** Opening DATASET EXTRACT block **

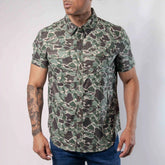 Camisa Rock&Roll Manga Corta Performance Estampada Camu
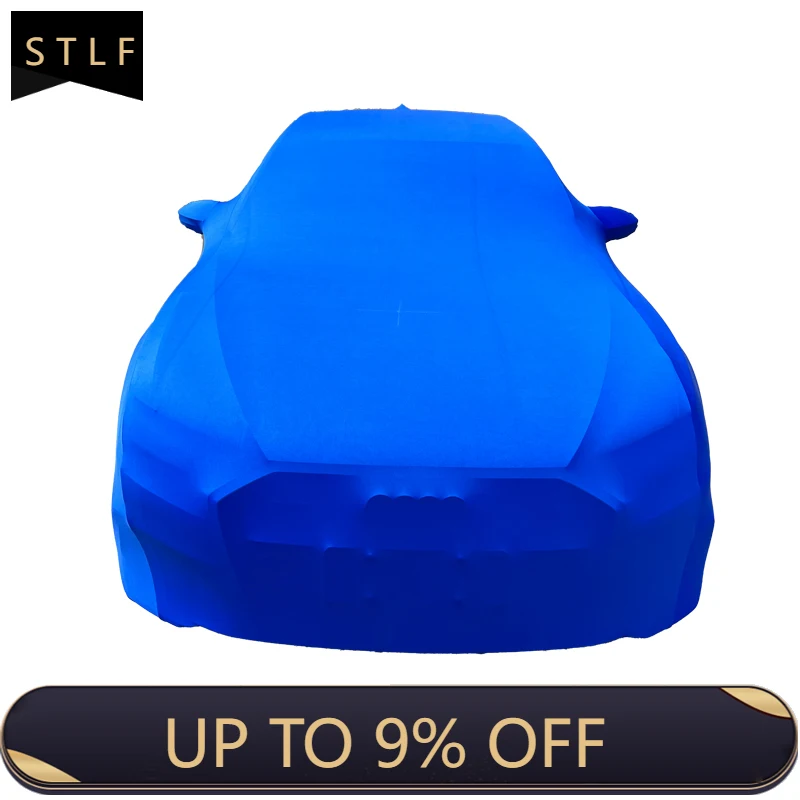 

Super Soft Fit Full Body Indoor Car Parking Stretch Elastic Dust Proof Cover Factory Direct Sale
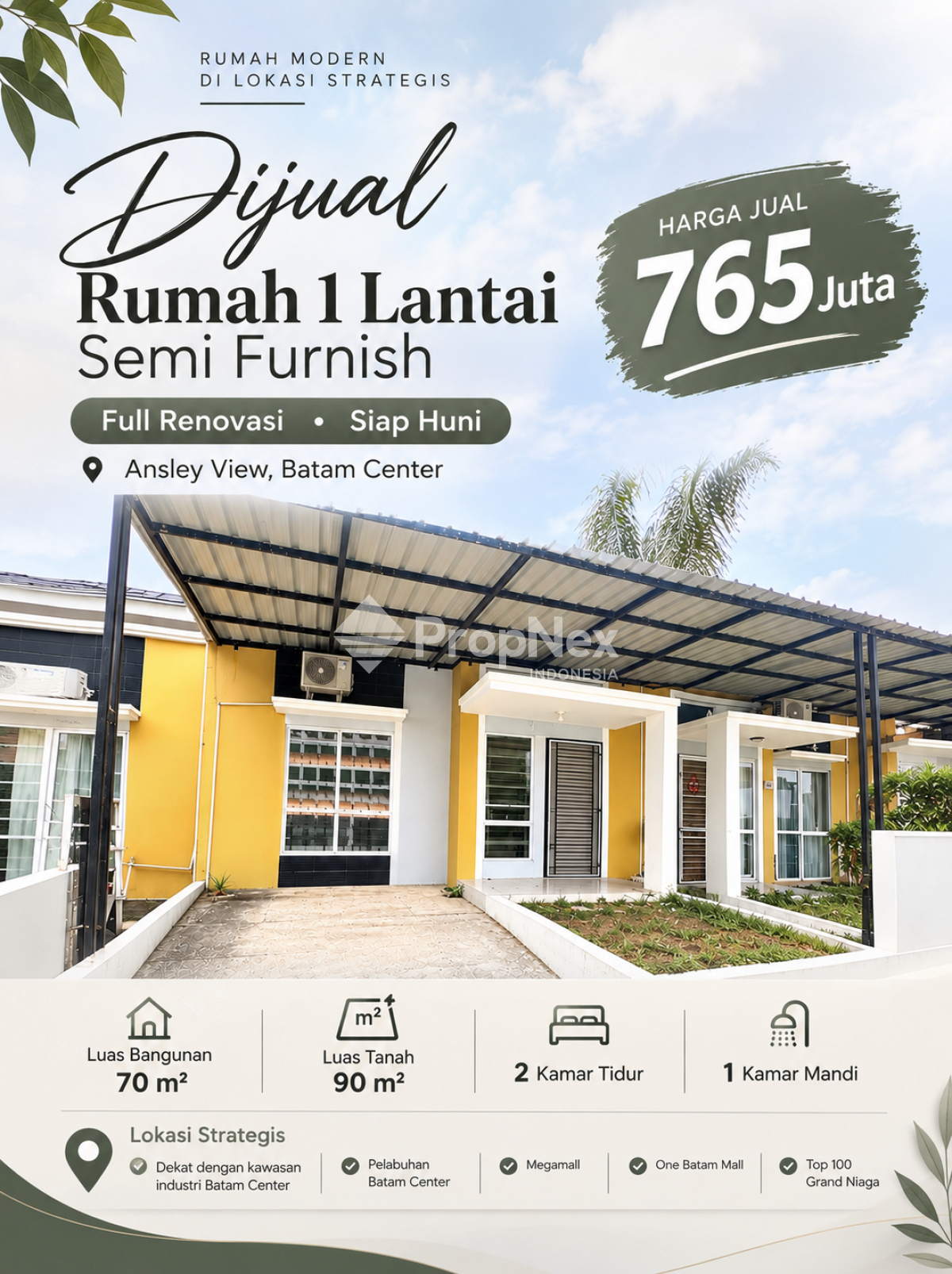 Dijual Murah Rumah Cantik Ansley View Full Renov & furnished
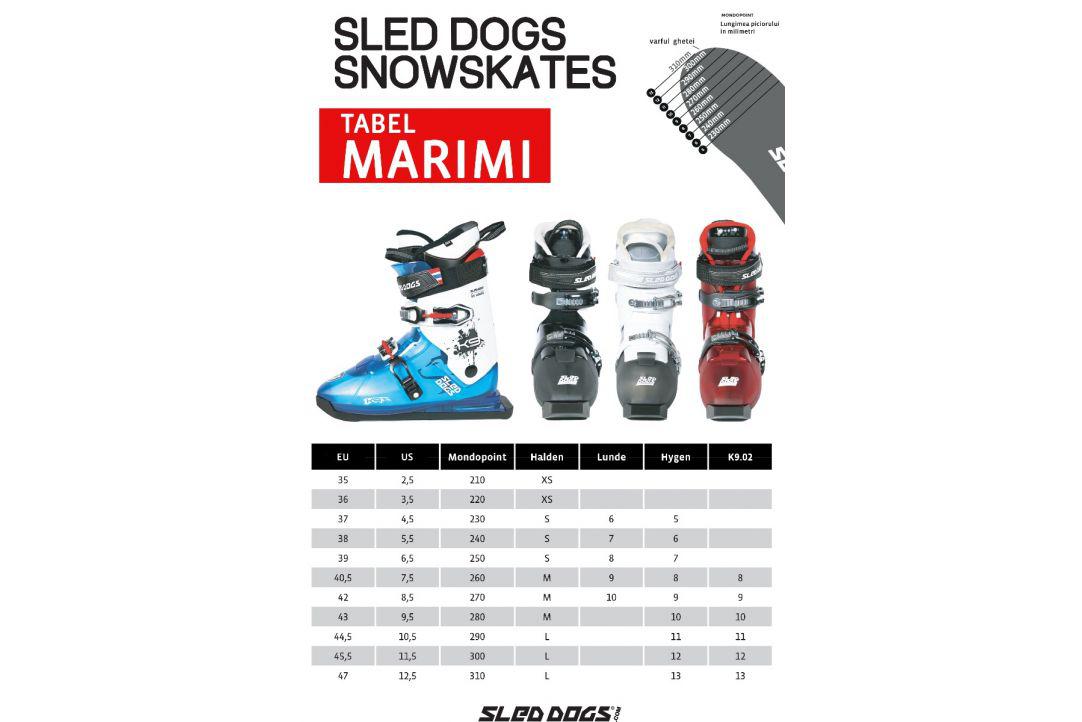 SNOWSKATES SLED DOGS K9.02- 280 mm, 43
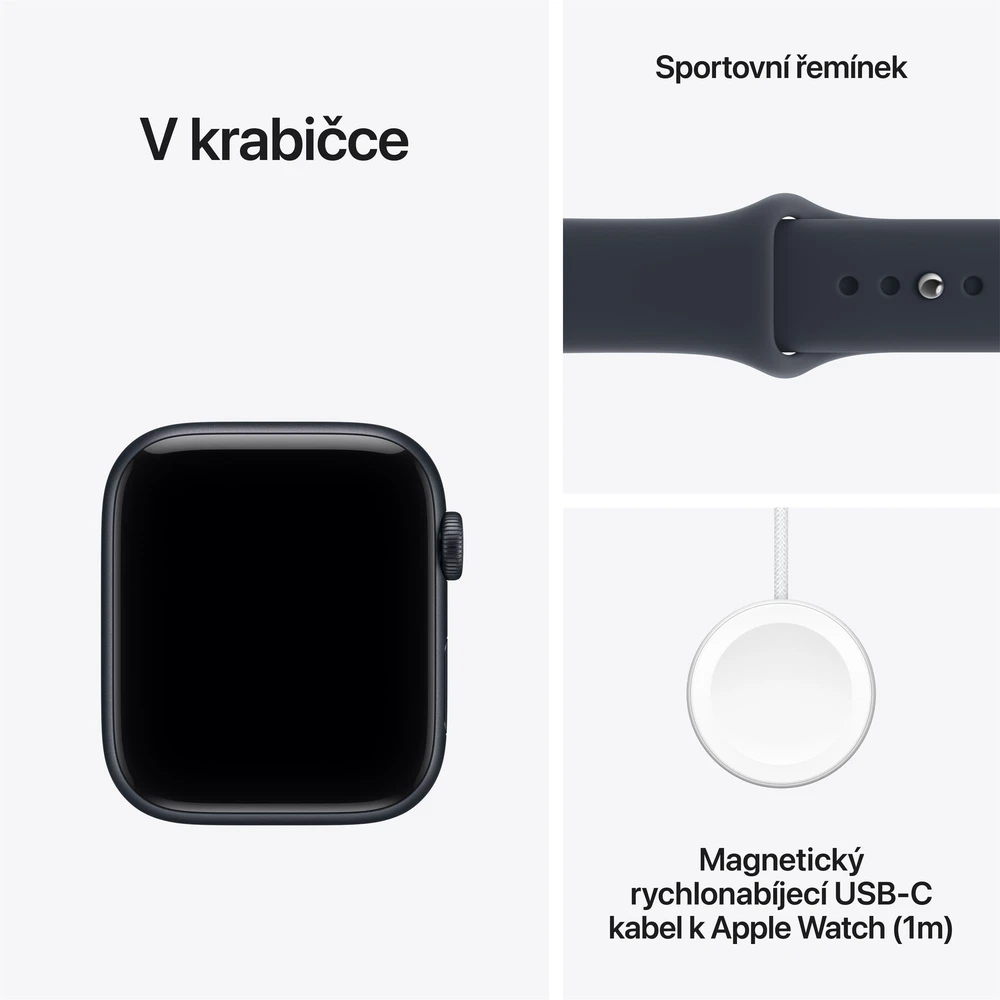Išmanusis laikrodis Apple Watch SE 3 GPS 40mm Midnight Alu Sport S/M Granatowy (MJKY4MP/A)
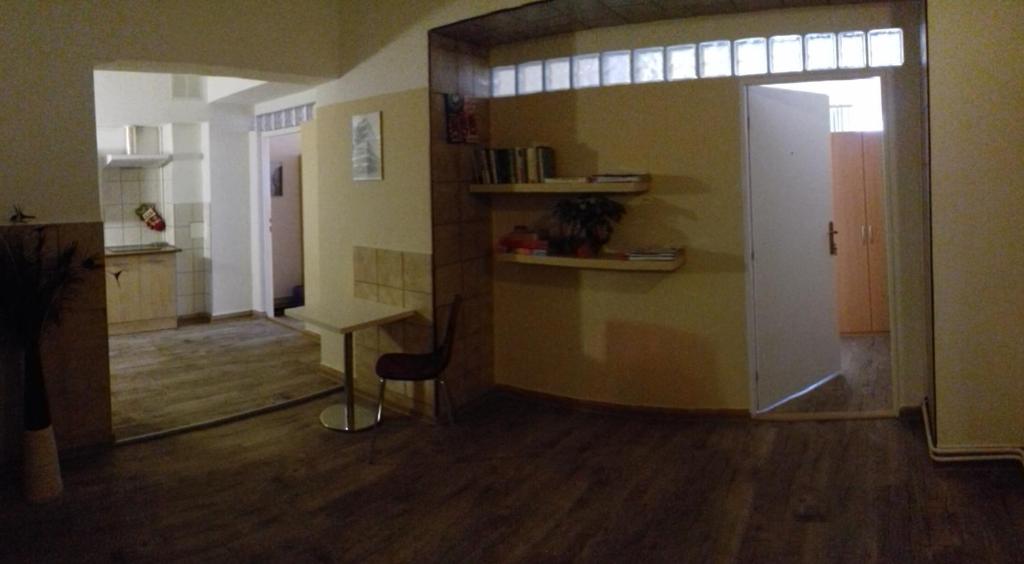 Kuchyň nebo kuchyňský kout v ubytování Apartmány Brno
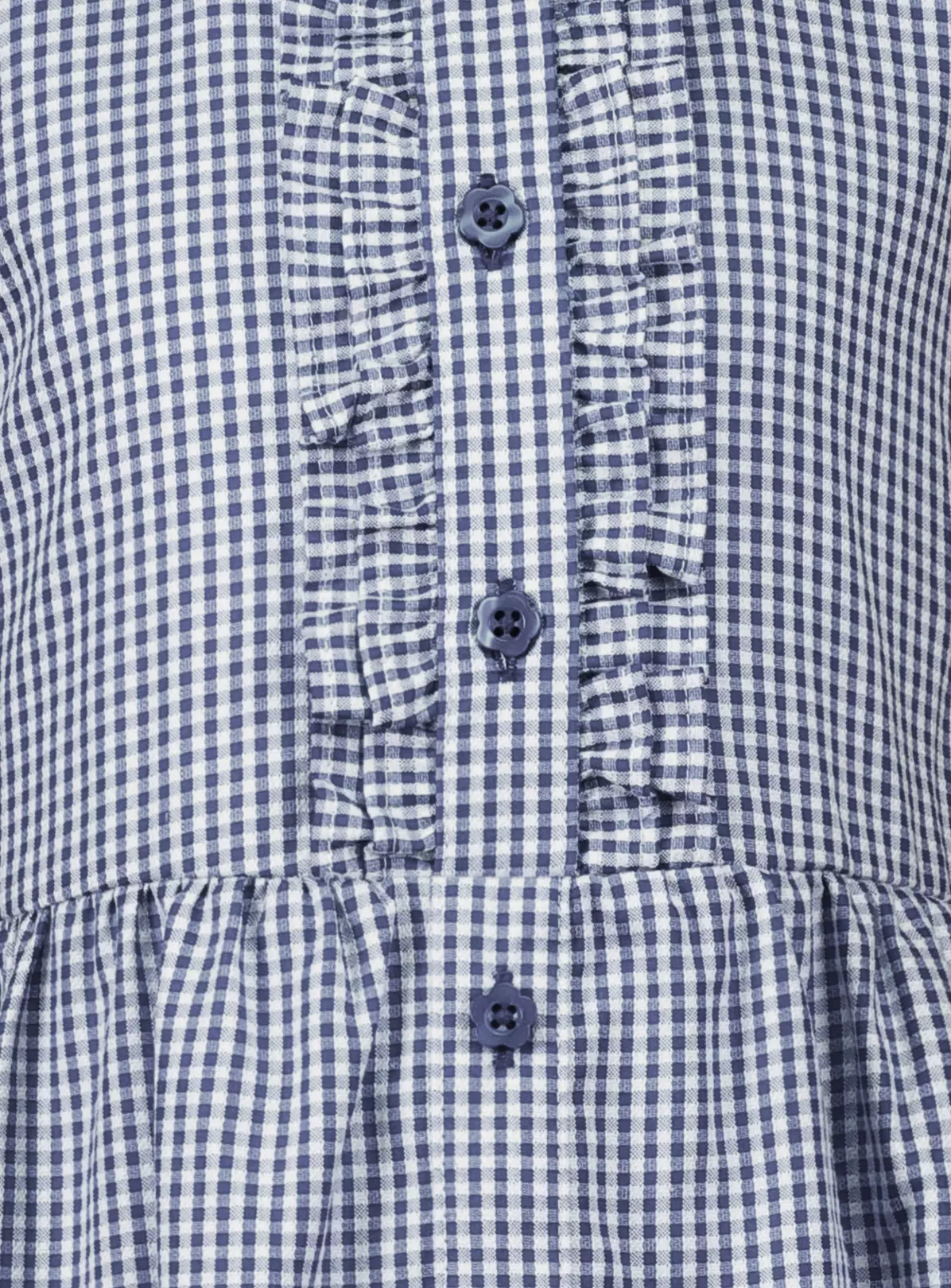 Navy Gingham Classic Dress 2 Pack 7 Years 5 Navy Gingham Classic Dress 2 Pack 7 Years - Image 3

** Closing DATASET EXTRACT block **

WHAT IS REQUIRED: All of the entries above are to be transcribed word for word, with no pictures included.

REPLY:
 Camisa Rock&Roll Manga Corta Performance Estampada Camu

Super Soft Fit Full Body Indoor Car Parking Stretch Elastic Dust Proof Cover Factory Direct Sale
 Dijual Murah Rumah Cantik Ansley View Full Renov & furnished
 SNOWSKATES SLED DOGS K9.02- 280 mm, 43
Išmanusis laikrodis Apple Watch SE 3 GPS 40mm Midnight Alu Sport S/M Granatowy (MJKY4MP/A)
 Kuchyň nebo kuchyňský kout v ubytování Apartmány Brno
 Navy Gingham Classic Dress 2 Pack 7 Years 5 Navy Gingham Classic Dress 2 Pack 7 Years - Image 3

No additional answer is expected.